Workflow Landing Requests #18807

jmchilton · 2024-09-12T15:36:24Z

I've added a little CLI tool for generating workflow landing requests URLs. External clients won't need to use this but it is a simple example with an easy to follow format and flow that describes how to use the APIs and generate custom forms with pre-populated data for users.

$ . .venv/bin/activate; PYTHONPATH=lib python lib/galaxy/tool_util/client/landing.py -g http://localhost:8081 -s mycoolthing simple_workflow
Your customized form is located at http://localhost:8081/workflow_landings/0d3862e7-345f-4805-a080-5a2cbc2fc547?secret=mycoolthing

This pairs well with the new {src: "url",...} data input dictionaries and a potential minimal workflow running UI (pictured below).

The UI piece is clearly an MVP - hopefully a tool form UI expert can take it over.

How to test the changes?

(Select all options that apply)

I've included appropriate automated tests.
This is a refactoring of components with existing test coverage.
Instructions for manual testing are as follows:
1. [add testing steps and prerequisites here if you didn't write automated tests covering all your changes]

License

I agree to license these and all my past contributions to the core galaxy codebase under the MIT license.

jmchilton · 2024-09-17T15:25:37Z

This is interwound with the tool request API that I thought was closer than it was. I'm finding so many corner cases in modeling tools. If this becomes a blocker for anyone I think I could pretty easily pull out the database migration, the workflow landing stuff, the workflow API that adds {src: "url", ... } inputs, and the form input for the URI parameters.

Alternatively I could pull just the tool API & backend enhancements out and push them back into #17393 and we could keep all the modeling enhancements in here and treat this a bit more like the CWL branch where we have models we sync up but keep the plumbing out until it is solid.

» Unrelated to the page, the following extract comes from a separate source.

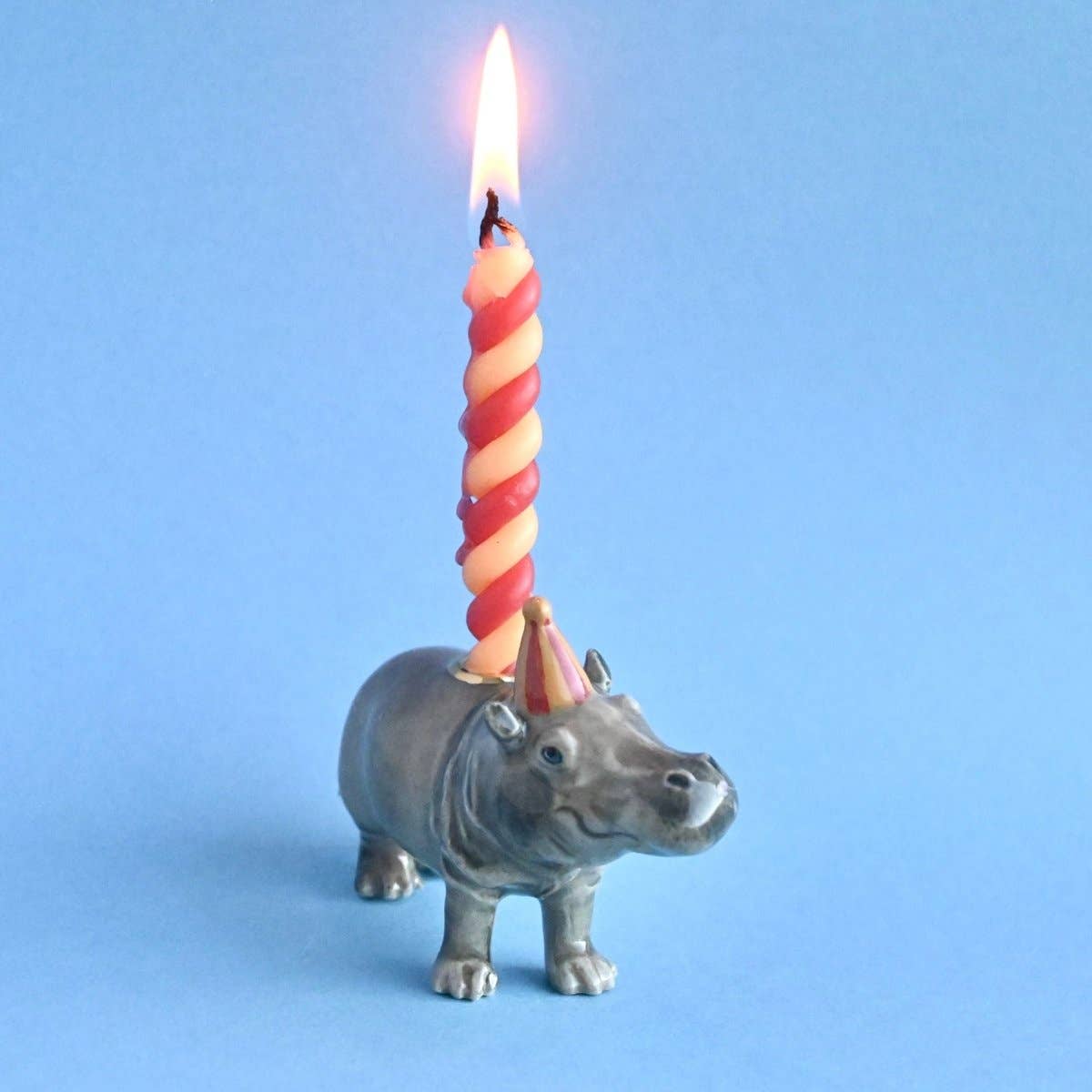 Hippo Cake Topper - Box Turtle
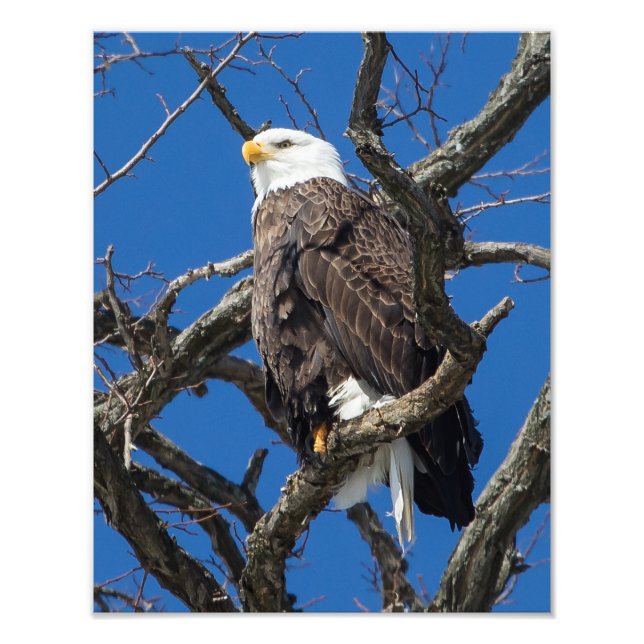 Foto Bald Eagle (Frente)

Otherwise I will just spend this week trying to work on the models and just spin some smaller stuff out here and there where it makes sense.

lib/galaxy/tool_util/parameters/case.py

mvdbeek

This is some seriously cool stuff, thank you @jmchilton!

mvdbeek · 2024-09-27T14:20:34Z

lib/galaxy/config/schemas/config_schema.yml

+        required: false
+        desc: |
+          Workflows launched with URI/URL inputs that are not marked as 'deferred'
+          are "materialized" (or undeferred) by the workflow scheduler. This might be


Is it hard to do this in Celery ? Feels like a feature we can require celery for.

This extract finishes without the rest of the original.